# Instructions to follow:
Starting at the line where "เปิดภาพปัจจุบัน ทงอี จอมนางคู่บัลลังก์" occurs, reproduce each line through the end of the entries below exactly. Omit every picture.

Content starts

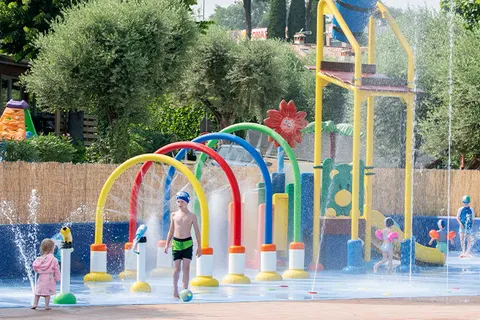 Camping Della Colombaia foto 21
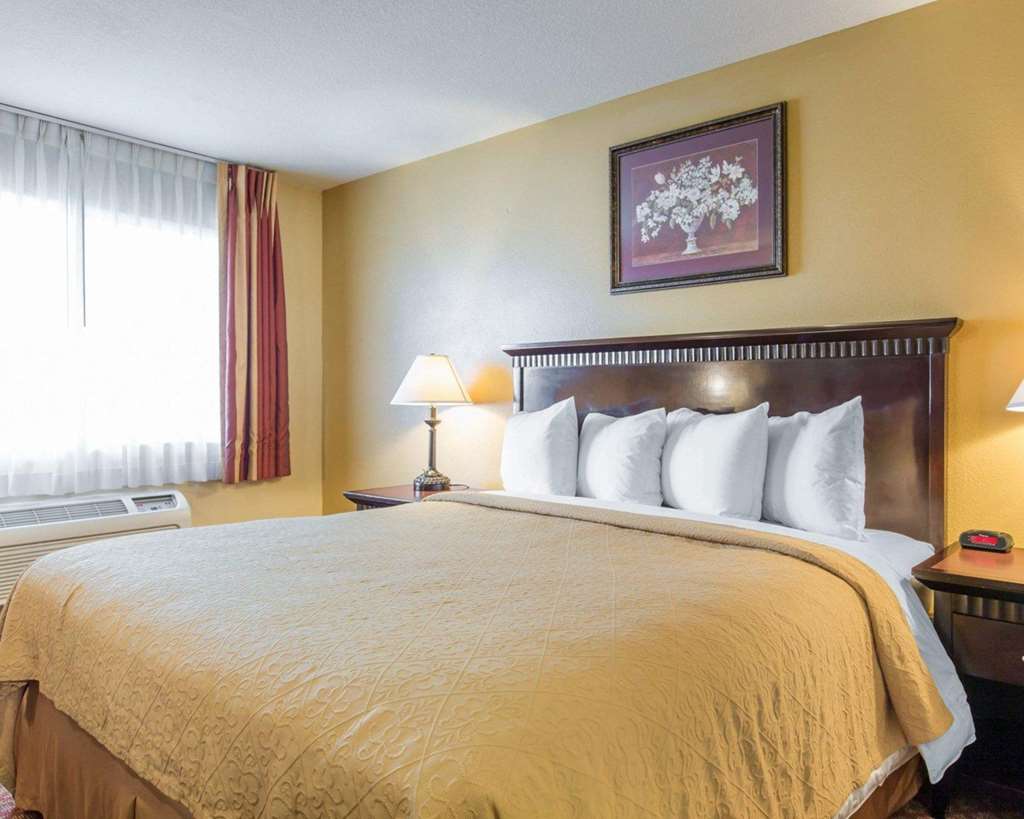 Quality Inn San Bernardino CA - photo 15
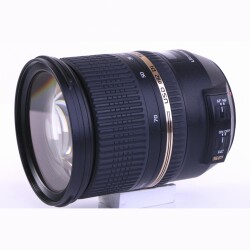 Tamron SP AF 24-70mm F/2.8 Di VC USD für Canon (sehr...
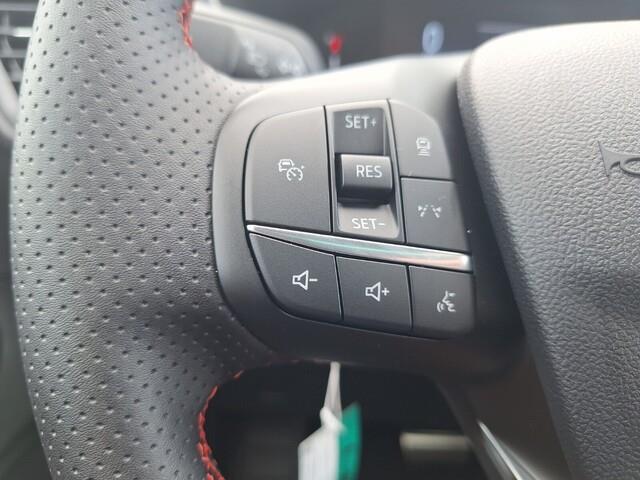 new 2024 Ford Escape car, priced at $28,290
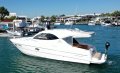 Maritimo 32 Sports Cruiser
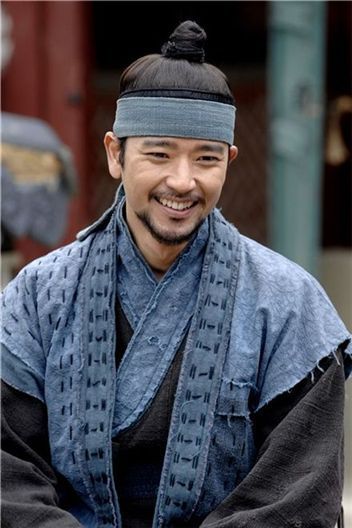 เปิดภาพปัจจุบัน ทงอี จอมนางคู่บัลลังก์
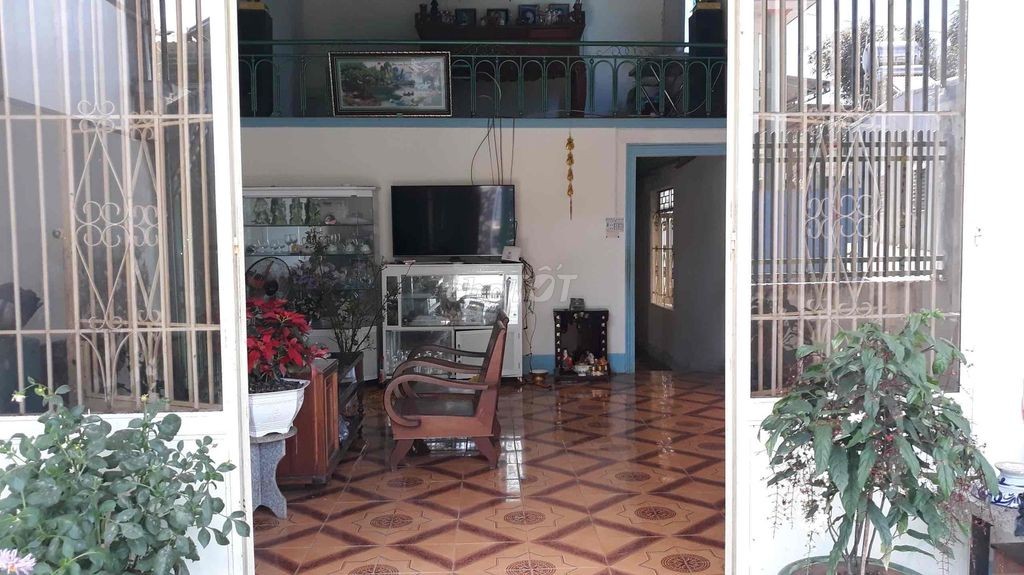 BÁN NHÀ CHÍNH CHỦ HẺM PHẠM VĂN ĐỒNG - GIA LAI - Ảnh 2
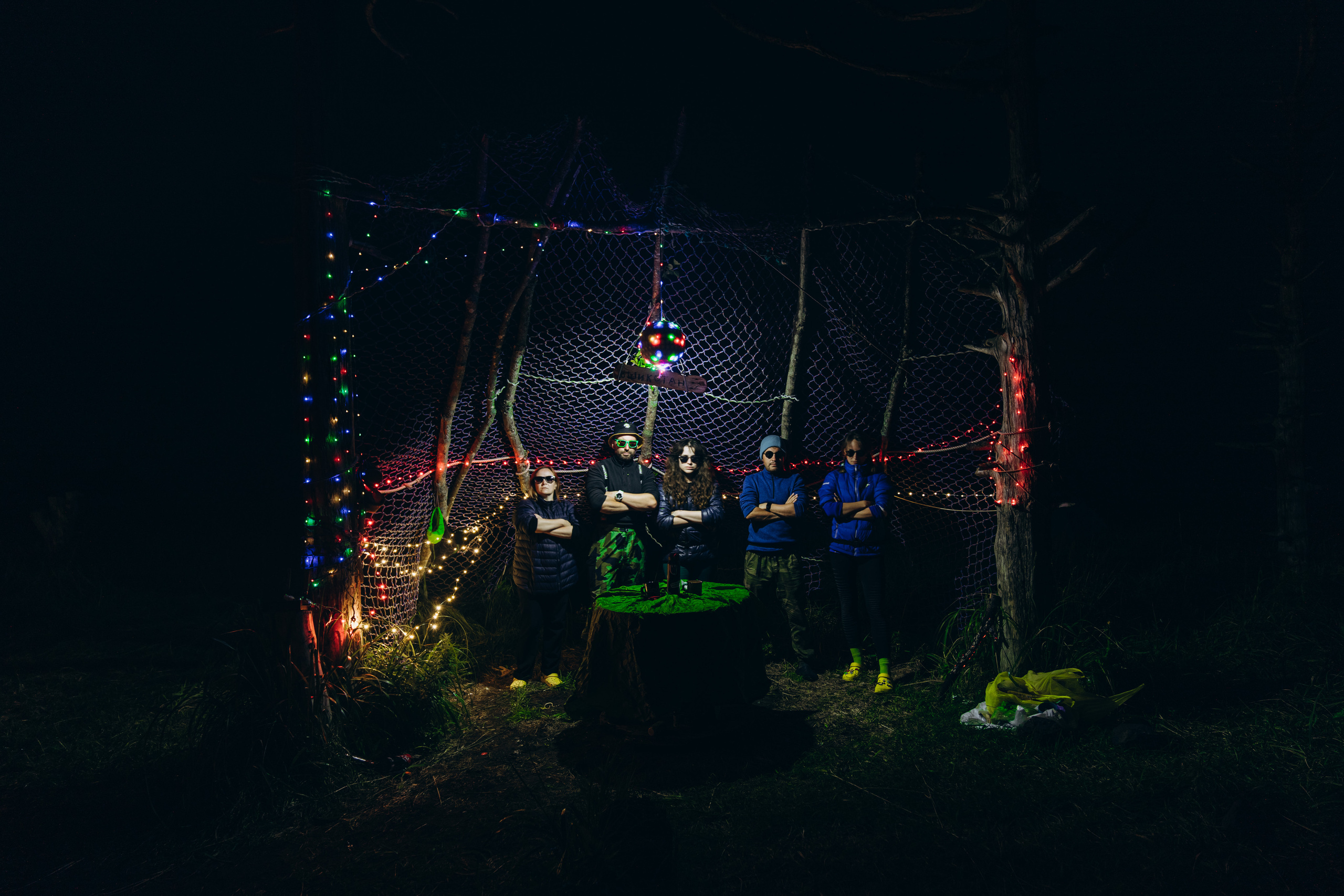 Сахалин. Event фотограф Степанова Александра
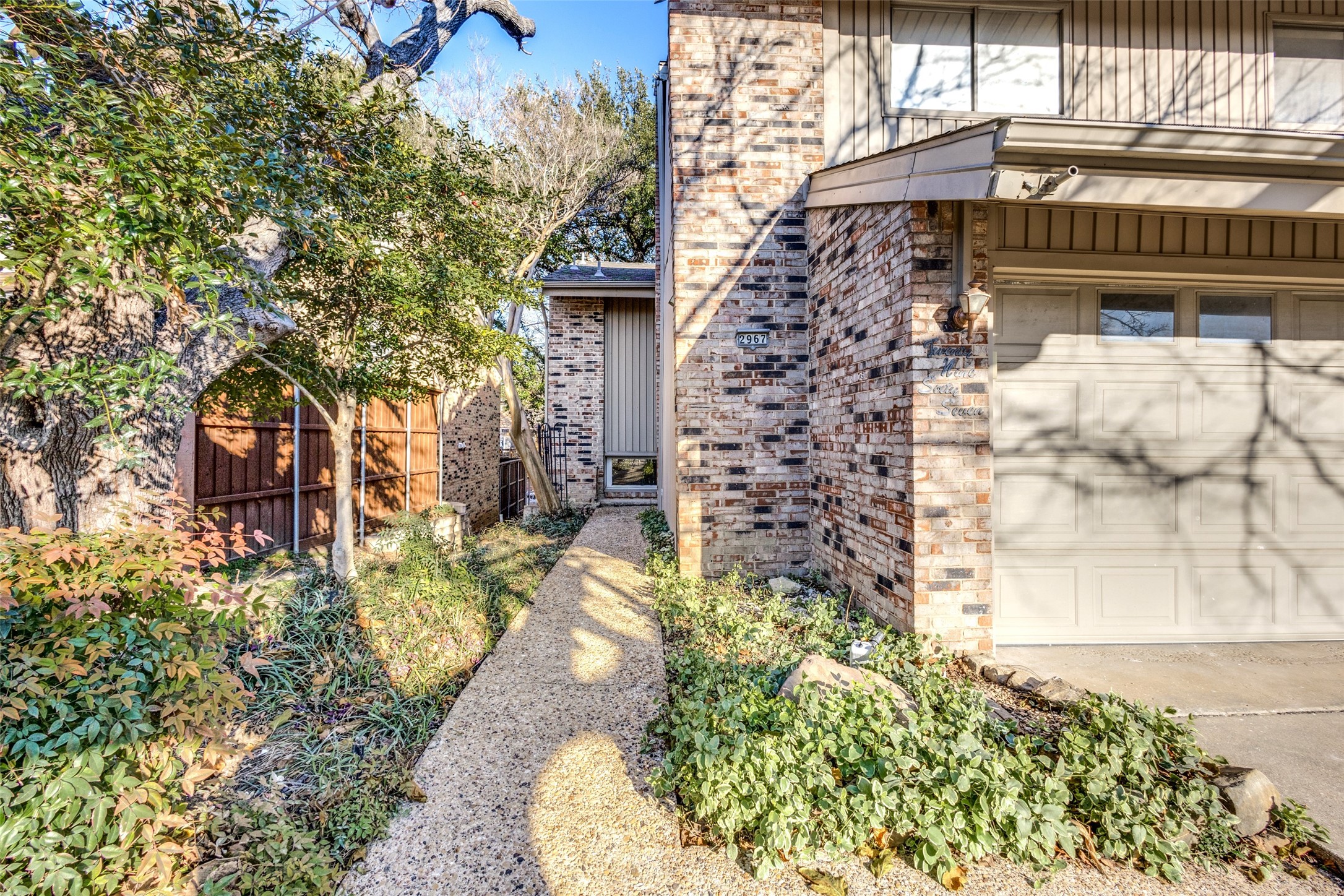 2967 Country Place Circle Carrollton TX 75006
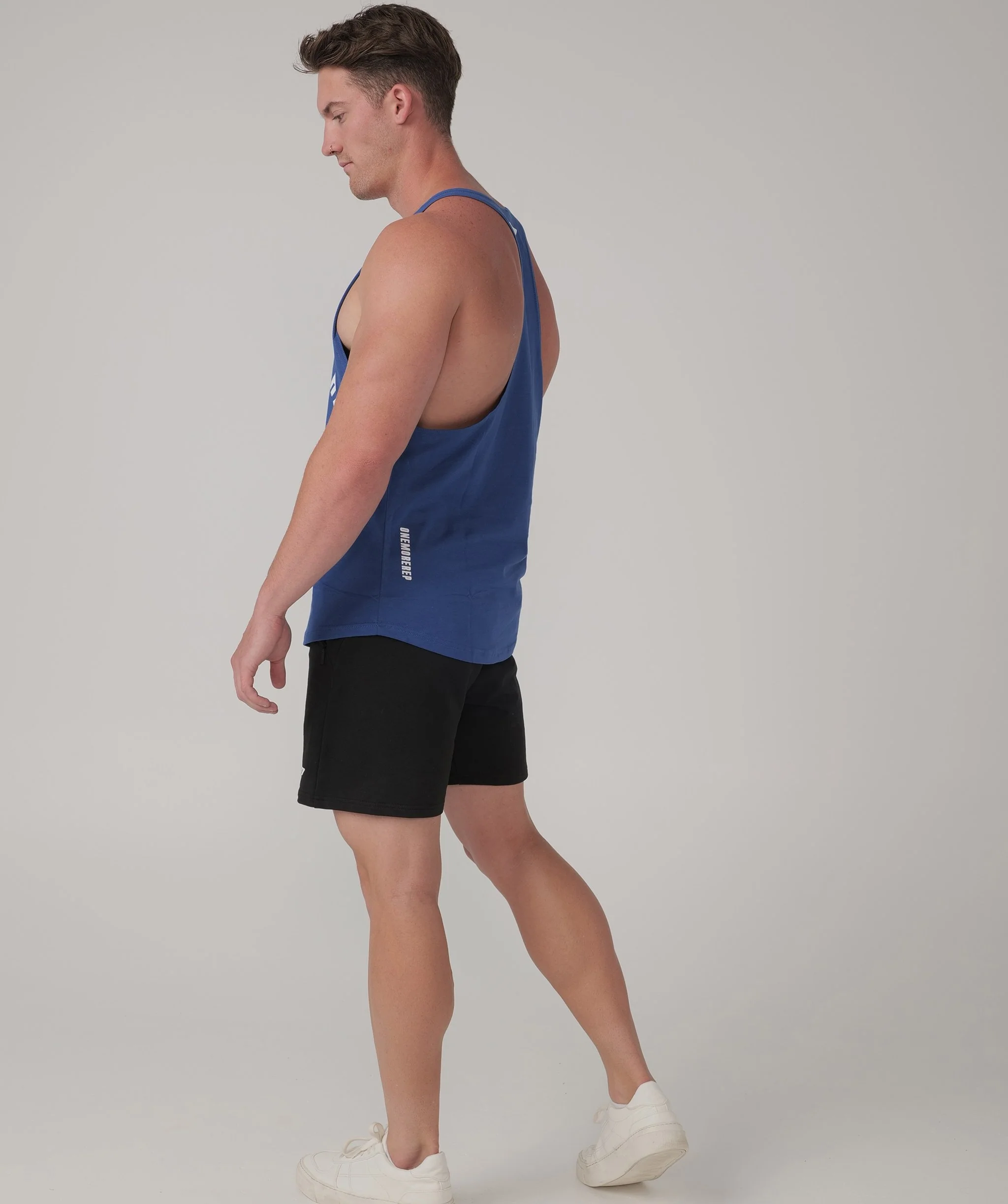 Core Stringer (Blue) by OneMoreRep - Image 10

Content ends

# Task output:
 เปิดภาพปัจจุบัน ทงอี จอมนางคู่บัลลังก์
 BÁN NHÀ CHÍNH CHỦ HẺM PHẠM VĂN ĐỒNG - GIA LAI - Ảnh 2
 Сахалин. Event фотограф Степанова Александра
 2967 Country Place Circle Carrollton TX 75006
 Core Stringer (Blue) by OneMoreRep - Image 10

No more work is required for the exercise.